Lake Malawi was formed several million years ago, and the water level has fluctuated greatly over the millennia. This has made a number of different niches available to the cichlids (known locally as mbuna) and other fish living there, which have adapted to different habitats and adopted different lifestyles as part of an evolutionary radiation of a similar sort to the adaptation of finches that Charles Darwin observed on the Galápagos Islands. Various estimates have been made as to how many species of cichlid there are in Lake Malawi, with 700 being an acceptable estimate. Nearly all of these species are endemic, and some have minute ranges: a bay, a rocky islet or a few hundred metres of shoreline. Many are not even known to science and remain yet to be described.
The park is also home to mammals including chacma baboons, vervet monkeys, hippopotamuses, leopards, common duikers, bushbucks, greater kudus, and klipspringers.

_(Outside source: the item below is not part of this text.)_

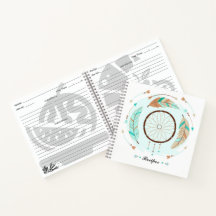 Notebooks mit personalisierter Bohemischer Rezeptu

Also to be seen are crocodiles, African fish eagles, and white-breasted cormorants as well as wading birds, kingfishers, hornbills, nightjars, kestrels, swallow-tailed bee-eaters, and many other species of birds.
Dr. David Livingstone was the first European to see Lake Nyassa, as it was then called, in 1859, and by 1875 the Scottish Presbyterian Church had set up a mission on Cape Maclear. A large baobab tree, purportedly over 800 years old, is said to have been a favourite of Livingstone as a place where he could give sermons and speak with other missionaries. The graves of five early missionaries are also in the park.